Liuixalus calcarius
- Conservation status: Endangered (IUCN 3.1)

Scientific classification
- Kingdom: Animalia
- Phylum: Chordata
- Class: Amphibia
- Order: Anura
- Family: Rhacophoridae
- Genus: Liuixalus
- Species: L. calcarius
- Binomial name: Liuixalus calcarius Milto, Poyarkov, Orlov, and Nguyen, 2013
- Synonyms: Liuixalus catbaensis Nguyen, Matsui, and Yoshikawa, 2014; Romerus calcarius Dubois, Ohler, and Pyron, 2021;

= Liuixalus calcarius =

- Authority: Milto, Poyarkov, Orlov, and Nguyen, 2013
- Conservation status: EN
- Synonyms: Liuixalus catbaensis Nguyen, Matsui, and Yoshikawa, 2014, Romerus calcarius Dubois, Ohler, and Pyron, 2021

Species of frog

Liuixalus calcarius, the limestone small tree frog, is a species of frog in the family Rhacophoridae. It is endemic to Vietnam, where it was found in Hai Phong Province. It lives in tropical primary forest habitats rich in karst rock.

==Description==
The skin of the dorsum is red-brown in color with an X-shaped mark on the shoulder. This frog has disks on its toes for climbing. The pupil of the eye is horizontal.

==Etymology==
Scientists named this frog calcarius for the Latin language word for "limestone." The frog's habitat is rich in karst rock.

==Habitat==
This frog has been observed between 15 and 45 meters above sea level on Cat Ba Island. The frog has been found near pools of water in the karst rock and in small, temporary lakes that dry up for part of the year.

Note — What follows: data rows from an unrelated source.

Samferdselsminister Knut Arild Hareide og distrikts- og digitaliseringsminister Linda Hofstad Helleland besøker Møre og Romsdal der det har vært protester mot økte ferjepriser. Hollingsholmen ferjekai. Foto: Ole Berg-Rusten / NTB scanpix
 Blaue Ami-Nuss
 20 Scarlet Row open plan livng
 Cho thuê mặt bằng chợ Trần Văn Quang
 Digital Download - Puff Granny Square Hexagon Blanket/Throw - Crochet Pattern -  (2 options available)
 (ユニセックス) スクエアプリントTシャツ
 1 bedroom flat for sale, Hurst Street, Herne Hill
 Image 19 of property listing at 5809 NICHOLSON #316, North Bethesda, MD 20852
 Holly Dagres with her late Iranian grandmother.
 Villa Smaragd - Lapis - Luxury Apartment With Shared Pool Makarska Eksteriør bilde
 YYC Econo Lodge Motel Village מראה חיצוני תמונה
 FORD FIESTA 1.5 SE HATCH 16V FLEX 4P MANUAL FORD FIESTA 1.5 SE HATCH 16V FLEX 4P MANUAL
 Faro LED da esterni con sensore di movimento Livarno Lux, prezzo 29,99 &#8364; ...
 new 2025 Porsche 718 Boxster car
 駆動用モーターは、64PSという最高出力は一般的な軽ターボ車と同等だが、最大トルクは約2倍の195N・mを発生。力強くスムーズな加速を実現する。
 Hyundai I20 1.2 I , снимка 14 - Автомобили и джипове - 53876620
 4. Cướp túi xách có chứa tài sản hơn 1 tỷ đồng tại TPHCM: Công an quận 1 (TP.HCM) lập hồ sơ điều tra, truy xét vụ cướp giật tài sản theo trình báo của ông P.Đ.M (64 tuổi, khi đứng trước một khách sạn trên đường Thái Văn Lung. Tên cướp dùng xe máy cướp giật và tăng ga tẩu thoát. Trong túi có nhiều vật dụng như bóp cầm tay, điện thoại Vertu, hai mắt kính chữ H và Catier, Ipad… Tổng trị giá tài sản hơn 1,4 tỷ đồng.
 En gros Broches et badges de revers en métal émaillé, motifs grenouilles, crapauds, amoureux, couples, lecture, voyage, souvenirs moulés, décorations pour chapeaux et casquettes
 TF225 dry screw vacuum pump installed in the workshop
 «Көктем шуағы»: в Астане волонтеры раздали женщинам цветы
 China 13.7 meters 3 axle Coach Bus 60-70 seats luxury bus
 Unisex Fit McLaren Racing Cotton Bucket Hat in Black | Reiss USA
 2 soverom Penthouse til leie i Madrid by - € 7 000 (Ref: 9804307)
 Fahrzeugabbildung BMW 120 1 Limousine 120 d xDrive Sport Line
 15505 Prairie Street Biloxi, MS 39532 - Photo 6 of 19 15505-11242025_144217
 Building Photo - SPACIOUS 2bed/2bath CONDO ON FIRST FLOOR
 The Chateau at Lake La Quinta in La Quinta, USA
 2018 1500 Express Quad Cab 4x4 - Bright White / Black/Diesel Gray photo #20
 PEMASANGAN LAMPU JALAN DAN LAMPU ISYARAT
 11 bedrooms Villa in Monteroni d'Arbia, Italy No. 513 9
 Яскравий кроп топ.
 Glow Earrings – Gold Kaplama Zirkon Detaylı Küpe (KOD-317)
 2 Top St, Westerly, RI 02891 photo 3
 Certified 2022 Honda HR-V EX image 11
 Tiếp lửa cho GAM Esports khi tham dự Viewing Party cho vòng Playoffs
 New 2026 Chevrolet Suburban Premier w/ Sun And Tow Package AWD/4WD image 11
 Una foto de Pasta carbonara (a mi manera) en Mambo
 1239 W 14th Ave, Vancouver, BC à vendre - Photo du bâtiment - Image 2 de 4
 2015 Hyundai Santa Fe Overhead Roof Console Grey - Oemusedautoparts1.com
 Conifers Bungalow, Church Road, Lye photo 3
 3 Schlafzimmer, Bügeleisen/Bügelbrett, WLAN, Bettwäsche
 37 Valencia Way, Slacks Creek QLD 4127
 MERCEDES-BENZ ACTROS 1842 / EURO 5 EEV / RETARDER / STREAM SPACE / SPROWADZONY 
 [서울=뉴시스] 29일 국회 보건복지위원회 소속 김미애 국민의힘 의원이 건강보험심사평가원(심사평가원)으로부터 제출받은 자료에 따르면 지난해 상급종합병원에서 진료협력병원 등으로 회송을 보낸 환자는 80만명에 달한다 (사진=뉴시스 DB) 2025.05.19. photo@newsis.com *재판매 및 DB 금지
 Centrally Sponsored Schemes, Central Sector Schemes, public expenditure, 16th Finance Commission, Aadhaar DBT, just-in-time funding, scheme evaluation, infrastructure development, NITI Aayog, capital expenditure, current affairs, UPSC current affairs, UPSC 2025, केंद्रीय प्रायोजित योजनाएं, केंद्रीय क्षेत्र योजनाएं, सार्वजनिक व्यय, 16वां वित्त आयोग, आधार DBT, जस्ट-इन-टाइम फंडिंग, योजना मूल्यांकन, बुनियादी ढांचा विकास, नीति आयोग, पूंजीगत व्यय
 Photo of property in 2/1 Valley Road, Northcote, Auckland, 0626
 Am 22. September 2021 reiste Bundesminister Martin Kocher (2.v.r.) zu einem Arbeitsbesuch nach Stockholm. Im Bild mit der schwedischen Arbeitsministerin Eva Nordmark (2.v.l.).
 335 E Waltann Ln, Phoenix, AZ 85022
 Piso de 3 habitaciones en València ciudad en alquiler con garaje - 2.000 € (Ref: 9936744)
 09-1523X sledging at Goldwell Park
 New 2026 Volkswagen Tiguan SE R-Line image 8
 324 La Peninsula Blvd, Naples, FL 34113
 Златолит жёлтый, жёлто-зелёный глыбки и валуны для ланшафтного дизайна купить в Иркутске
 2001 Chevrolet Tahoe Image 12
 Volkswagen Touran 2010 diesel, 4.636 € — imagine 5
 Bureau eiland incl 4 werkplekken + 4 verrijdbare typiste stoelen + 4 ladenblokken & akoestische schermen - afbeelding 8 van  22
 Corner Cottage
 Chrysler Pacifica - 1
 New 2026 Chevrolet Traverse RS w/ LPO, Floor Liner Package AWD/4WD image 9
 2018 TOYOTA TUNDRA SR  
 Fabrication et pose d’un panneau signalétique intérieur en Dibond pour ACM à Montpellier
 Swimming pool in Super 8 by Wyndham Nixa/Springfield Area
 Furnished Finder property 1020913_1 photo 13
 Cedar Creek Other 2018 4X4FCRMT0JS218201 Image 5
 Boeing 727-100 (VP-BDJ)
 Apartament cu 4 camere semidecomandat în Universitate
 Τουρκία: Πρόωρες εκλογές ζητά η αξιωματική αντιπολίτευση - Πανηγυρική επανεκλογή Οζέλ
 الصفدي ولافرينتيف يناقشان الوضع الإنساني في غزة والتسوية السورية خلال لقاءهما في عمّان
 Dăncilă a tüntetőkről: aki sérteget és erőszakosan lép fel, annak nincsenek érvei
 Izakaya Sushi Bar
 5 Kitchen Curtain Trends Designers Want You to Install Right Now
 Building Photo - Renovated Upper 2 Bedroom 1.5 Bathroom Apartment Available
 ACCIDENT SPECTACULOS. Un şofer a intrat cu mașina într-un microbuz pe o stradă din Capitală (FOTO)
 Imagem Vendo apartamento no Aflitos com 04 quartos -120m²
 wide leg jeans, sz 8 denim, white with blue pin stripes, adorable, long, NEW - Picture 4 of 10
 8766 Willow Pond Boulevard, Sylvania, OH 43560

Cat Ba Island is in Cat Ba National Park, and scientists believe the frog's range to be larger than this place alone.

==Reproduction==
Scientists have heard the male frogs calling in April but know little else about this species' reproductive biology. They infer that it breeds through larval development, like its congeners.

==Threats==
The IUCN classifies this frog as endangered. Scientists believe it to be forest-dependent, which would make it threatened by deforestation associated with agriculture and logging.